The  opening entries in the LIFE CYCLE section of the

Macquarie Home Guide to Health and Medicine

 

 

LIFE CYCLE

 

SEX AND REPRODUCTION

 

    The ability to reproduce is one of the most fascinating and mysterious features of life. Generally speaking, the lowest  forms of single cell life simply divide by themselves without the need for a partner. In most animals and plants, however, reproduction is sexual, meaning that a male and a female are involved, each with particular cells designed specifically to reproduce the species. These cells are called gametes. In a woman they are the ova or eggs, and in a man they are the sperm ejaculated during intercourse. If an egg is fertilised with a sperm, a new human life is begun. For this to happen an amazingly complex series of processes must occur.

 

Sexual intercourse

    The biological purpose of sexual intercourse is to reproduce the human race. However, human beings also have sex (make love) because it feels good. In the Western world, people reproduce on average no more than three or four times in their lives, but they will probably engage in sexual intercourse thousands of times. Intercourse consists of the man inserting his penis into the woman's vagina. Before he does this, ideally, each will become sexually aroused. In the man this means that the penis will become filled with blood so that it is larger, stiff and erect. In the woman, the vagina lengthens, and glands in the vagina produce a lubricating fluid which enables the man's penis to slide in easily. Thrusting movements by both partners stimulate the penis and vagina and produce pleasurable sensations that increase in intensity until a climax or orgasm is reached. In a woman an orgasm consists of contractions of the vagina, and the man will have an ejaculation of semen, which is a mix of seminal fluid and sperm.

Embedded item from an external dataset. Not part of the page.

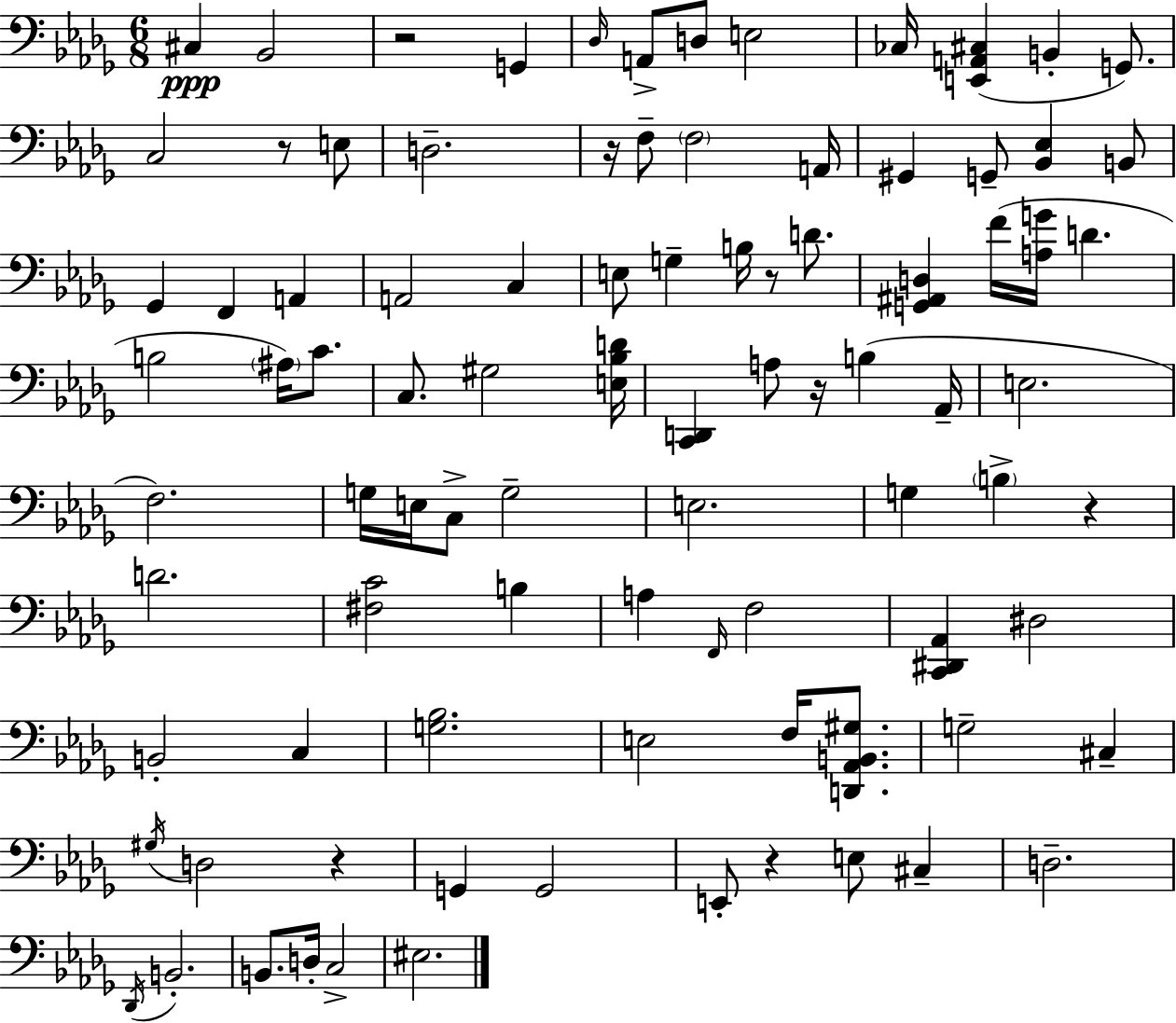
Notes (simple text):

C#3/q Bb2/h R/h G2/q Db3/s A2/e D3/e E3/h CES3/s [E2,A2,C#3]/q B2/q G2/e. C3/h R/e E3/e D3/h. R/s F3/e F3/h A2/s G#2/q G2/e [Bb2,Eb3]/q B2/e Gb2/q F2/q A2/q A2/h C3/q E3/e G3/q B3/s R/e D4/e. [G2,A#2,D3]/q F4/s [A3,G4]/s D4/q. B3/h A#3/s C4/e. C3/e. G#3/h [E3,Bb3,D4]/s [C2,D2]/q A3/e R/s B3/q Ab2/s E3/h. F3/h. G3/s E3/s C3/e G3/h E3/h. G3/q B3/q R/q D4/h. [F#3,C4]/h B3/q A3/q F2/s F3/h [C2,D#2,Ab2]/q D#3/h B2/h C3/q [G3,Bb3]/h. E3/h F3/s [D2,Ab2,B2,G#3]/e. G3/h C#3/q G#3/s D3/h R/q G2/q G2/h E2/e R/q E3/e C#3/q D3/h. Db2/s B2/h. B2/e. D3/s C3/h EIS3/h.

    Positions for intercourse vary. The commonest is the so-called missionary position in which the woman lies on her back with the man on top of her. Penetration is generally deepest in this position.

    In a man, orgasm and ejaculation go together. One usually does not occur without the other. Consequently a man has to have an orgasm before he can father a child. The situation is different in women. A woman does not need to have an orgasm to conceive and some women have active sex lives rarely or never achieving orgasm.

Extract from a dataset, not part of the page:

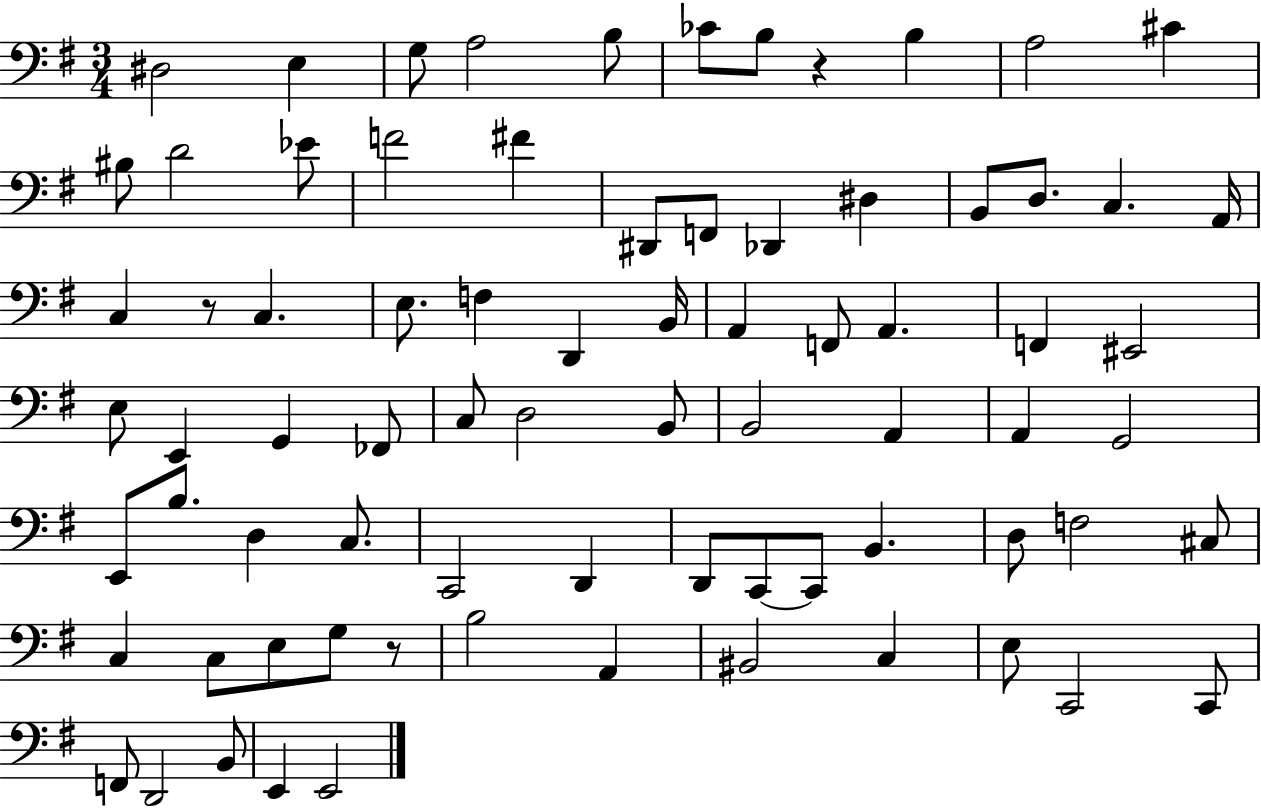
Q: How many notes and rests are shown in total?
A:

85% of menstruating women will fall pregnant within one year if undertaking sexual intercourse at least once a week.

    The frequency of sexual intercourse varies significantly between couples and with age. The frequency of sex in no way determines the affection a couple have for each other.  In Australia, the average married couple of 30 to 35 years of age will have sex 106 times a year, while the average for couples between 50 and 55 years drops to 41 times a year. Social circumstances, pregnancy, children and individual preferences will result in couples varying significantly from these averages.

 

Masturbation

    Masturbation is sexual stimulation of oneself. Many people masturbate, especially during adolescence and at times of their lives when they do not have a sexual partner. Some religions have frowned on the practice and insisted on their adherents regarding it as sinful. Dire threats have sometimes been made that unpleasant physical consequences such as blindness will result. This is nonsense. Masturbation is harmless, and if it provides pleasure and sexual relief there is no reason not to engage in it.

 

Conception

    Conception occurs when, usually as a result of sexual intercourse, a female egg is fertilised by a male sperm. Once a month, generally 14 days before the beginning of the next menstrual period, an egg that is so small it is invisible to the human eye, is released from one of a woman’s ovaries, and travels down the Fallopian tube towards the womb (uterus). During this journey, the egg may encounter sperm released by the woman’s male partner during intercourse. If one sperm penetrates the egg, the egg is fertilised, in a process called conception, and the woman falls pregnant. Once an egg has been fertilised by one sperm, it immediately becomes impenetrable to other sperm, even though millions of sperm are deposited as a result of any single ejaculation.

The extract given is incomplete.